- **EXERCISE DATA**:
══════════════════════════════

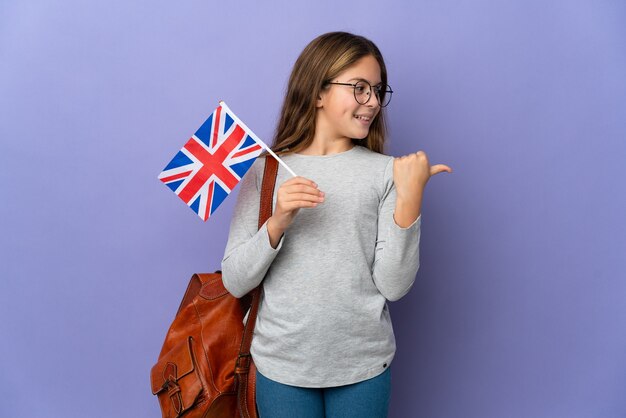 Child holding an United Kingdom flag over isolated wall pointing to the side to present a product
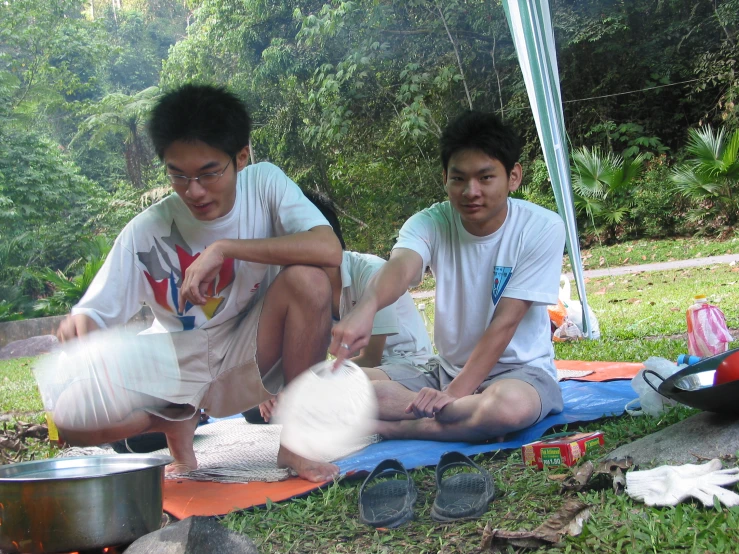 two men sit outside while making food on the ground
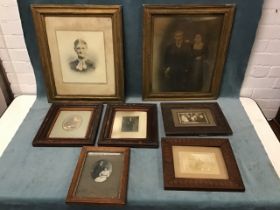 A collection of framed Victorian and Edwardian photographic family portraits including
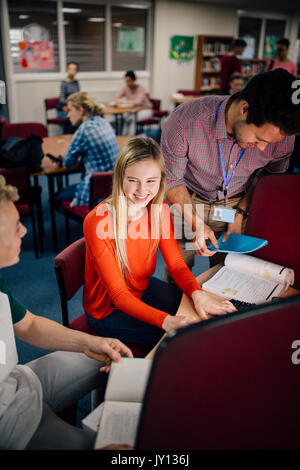Students are laughing as they work on computers together. There is a teacher leaning over their shoulder, helping them with their work. Stock Photo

══════════════════════════════

- **TASK INSTRUCTIONS**:
Copy each line above precisely, dropping the pictures.

- **SOLUTION FOR THIS PROBLEM**:
 Child holding an United Kingdom flag over isolated wall pointing to the side to present a product
 two men sit outside while making food on the ground
 A collection of framed Victorian and Edwardian photographic family portraits including
Students are laughing as they work on computers together. There is a teacher leaning over their shoulder, helping them with their work. Stock Photo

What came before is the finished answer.